Conversations between a DataEndure SME backup engineer and customer can go like this:
I need to revamp my company’s backup-and-restore solution. The script I’ve been tweaking all along is getting too complicated and error-prone. But while I’m ripping and replacing, where can I get some of that virtual recovery stuff I’ve been hearing about?
We’d be happy to show you, but first let’s map out your current situation. Which of your applications are the most mission-critical – the ones that need to be up 24 by 7 with no hiccups?
All of them?
That would be nice, but far too expensive. What kind of company do you work for?
Manufacturing.
So the server that runs your core business – manufacturing – should have the most sophisticated backup-and-restore solution in your company. Agreed?
Absolutely.
RTO and RPO: Two Guiding Principles
Two key parameters define the service provider’s commitments to maintain and recover business continuity: the recovery-time objective (RTO) and the recovery-point objective (RPO). The RTO specifies the maximum number of hours during which any volume of data is permitted to be lost during a major IT outage without penalizing the service provider with fines.
In contrast, the RPO focuses on the maximum time period in which a specific IT service is permitted to be offline during an IT outage, without incurring penalties. The details of these contracts are defined in service-level agreements that both parties sign-off on.
Businesses pay third parties a premium for their risk groups’ guaranteed uptime. So let’s segment your workloads according to how mission-critical each one is. We’ll tag a rating of 1 to 10 for each of your servers.

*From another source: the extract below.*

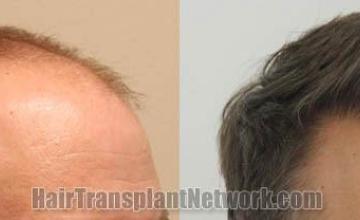 Hair transplantation surgery before and after pictures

Mapping Risk Levels to Technology
RTO and RPO requirements also drive the service provider’s calculations as to how elegant and high-performant each application server’s backup-and-restore solution needs to be to comply with each SLA. For example, a company’s core, mission-critical manufacturing application that commits a high volume of transactions may call for an RTO of zero and redundant backup servers including an offsite backup, whereas an ERP solution with a slow volume of transactions may be able to get by with replication or backup to tape or disk.
The Cost of Downtime
RTO and RPO specifications vary across industries. The telecommunications (“telco”) industry is a classic example of a data-intensive business model that depends so heavily on fast data feeds that telcos contractually oblige their streaming-data providers to guarantee 99.999% uptime, or “five nines,” for the service. And it makes sense:
According to an April 2016 Ponemon Institute survey, unplanned data-center outages cost enterprises an average of $7,900 per minute, a 41% increase from 2010. And according to an Aberdeen research study, the average company loses $163,674 in unused labor and lost revenue for each hour of downtime due to data loss.All in all, outages cost enterprises $700 billion a year, according to an IHS study from 2016.
Careful Coordination is Key
Only if all developers and administrators work in harmony to alert one another to new dependencies (such as those introduced by a new application going live) can anyone expect error-free scripts and backups. A lot of things can go wrong: an administrator’s worst nightmare is to reluctantly revert to a previous backup only to realize that that it never happened.
Questions to Ask Yourself
The key is to describe every workload that may be be worth backing up regularly, and sharing any other relevant information that can help design adequate back-up specifications.
- Have you identified your risk groups – i.e., the most mission-critical applications? Typically they would include the servers that manage your core, mission-critical applications.
- What other workloads may possibly be candidates? Then tag them based on their risk category. OK, tag CRM as a risk-category 2. Then look at other key workloads and do the same.
- How long can your information be down before you’re in trouble?
- If you’re down for more than an hour, than your RPO, or recovery point, becomes one hour?
- What’s your recovery time objective (RTO)? That is, how long can you tolerate downtime?
- If it’s an hour, than your RTO is an hour.
This is a good start. The next steps are to visit your data center, document the backup requirements, and, time allowing, discuss the pros and cons of virtual recovery.